** Exercise materials **
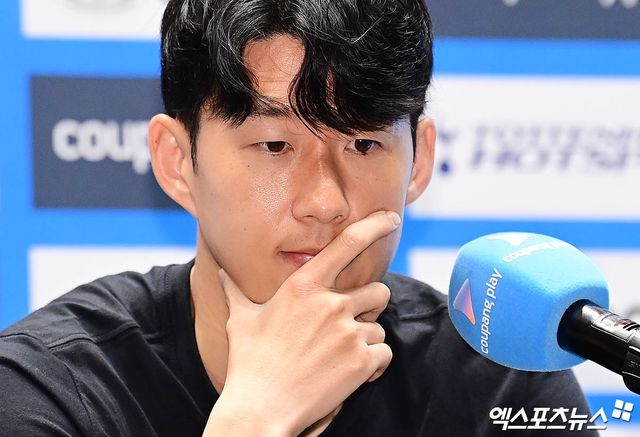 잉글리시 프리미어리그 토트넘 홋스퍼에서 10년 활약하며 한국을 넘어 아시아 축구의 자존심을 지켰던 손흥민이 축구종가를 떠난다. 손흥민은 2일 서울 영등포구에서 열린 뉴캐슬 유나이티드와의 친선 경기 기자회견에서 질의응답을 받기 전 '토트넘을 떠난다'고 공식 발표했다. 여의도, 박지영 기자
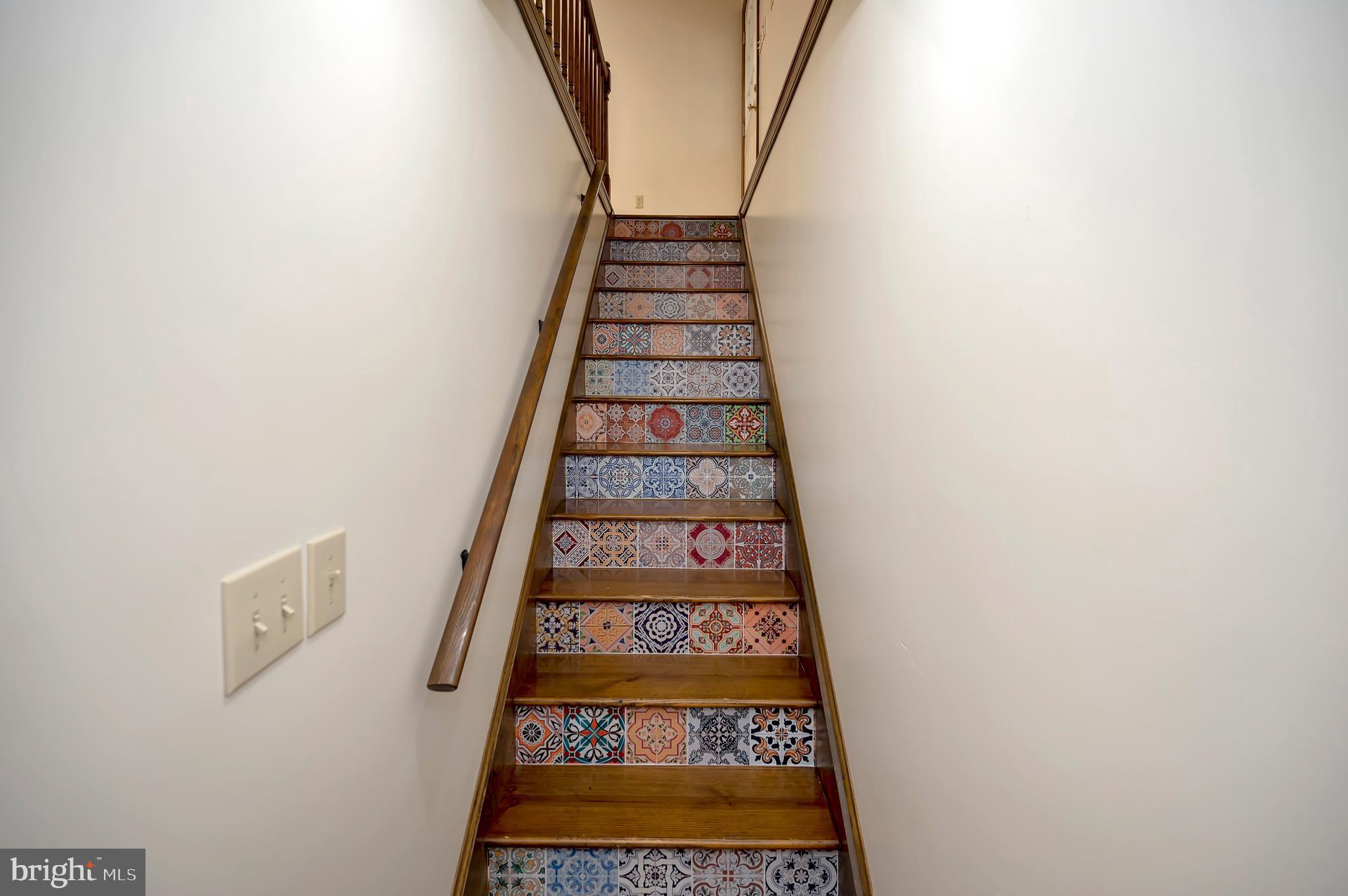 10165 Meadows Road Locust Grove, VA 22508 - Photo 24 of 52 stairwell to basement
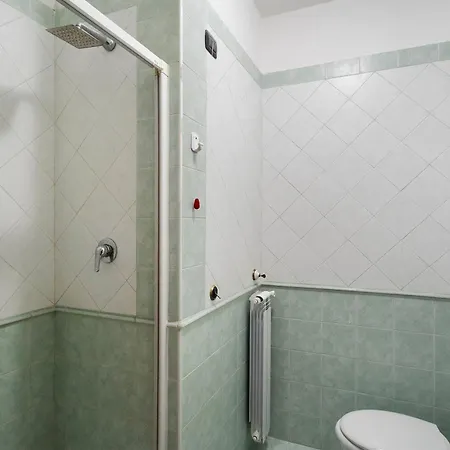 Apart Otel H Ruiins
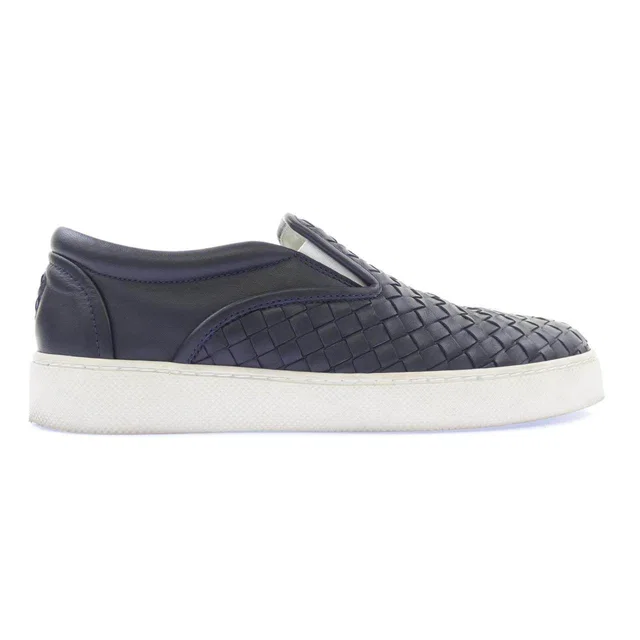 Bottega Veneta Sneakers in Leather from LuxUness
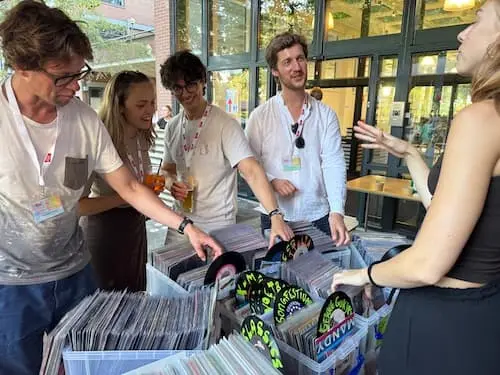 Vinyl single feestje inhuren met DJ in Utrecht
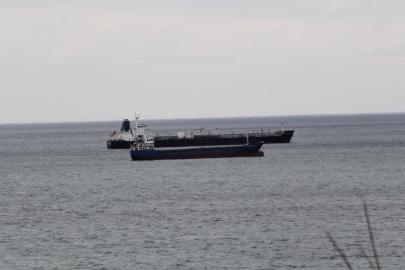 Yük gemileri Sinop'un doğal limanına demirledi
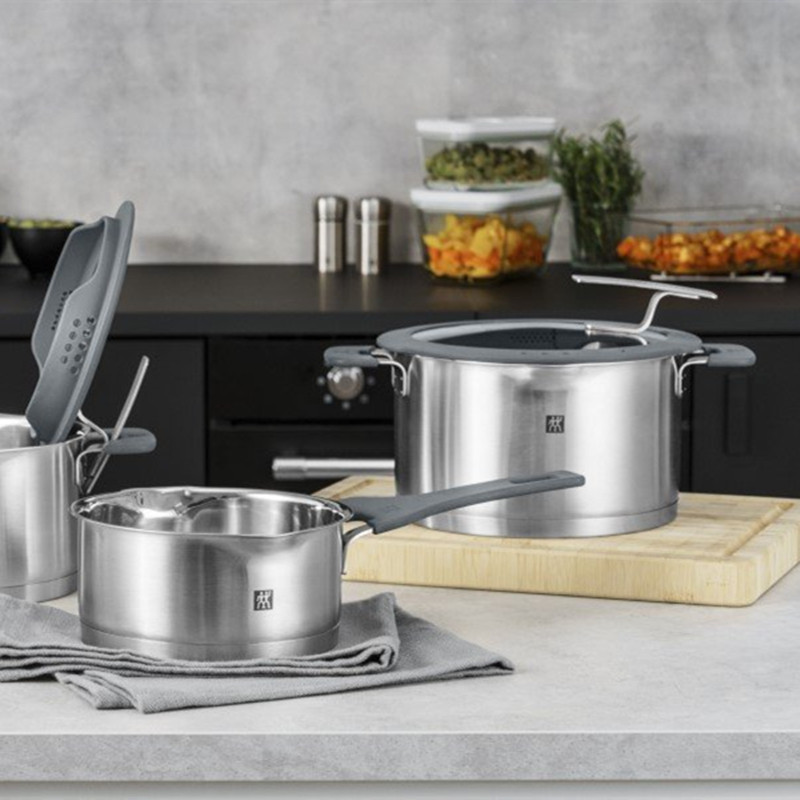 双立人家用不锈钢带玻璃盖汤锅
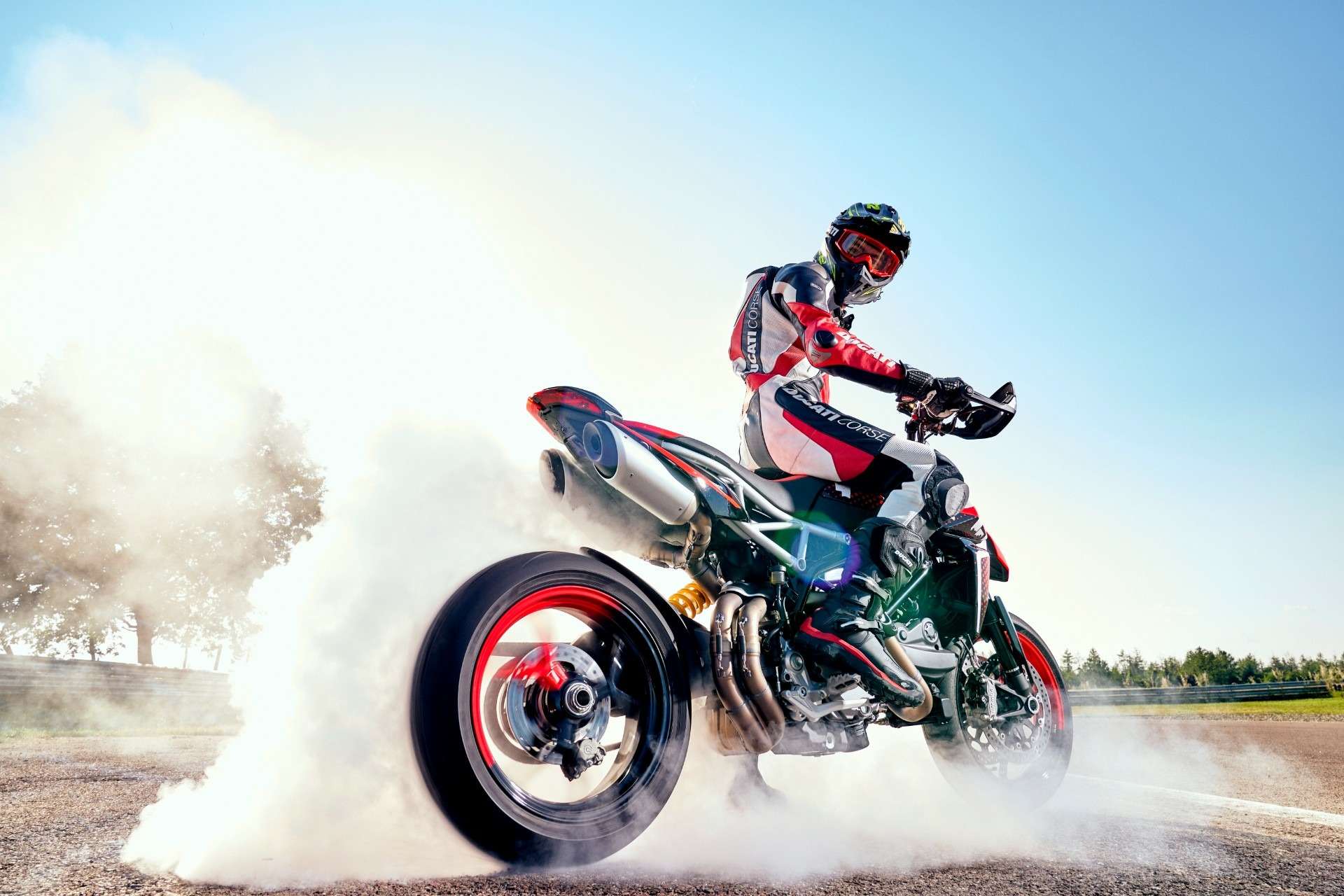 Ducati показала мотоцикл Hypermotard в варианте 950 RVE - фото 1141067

** What to work on **
Reproduce exactly, and only, the lines from the one containing "双立人家用不锈钢带玻璃盖汤锅" through the last line of the records above, both included, leaving out any pictures.

** Solution below **
 双立人家用不锈钢带玻璃盖汤锅
 Ducati показала мотоцикл Hypermotard в варианте 950 RVE - фото 1141067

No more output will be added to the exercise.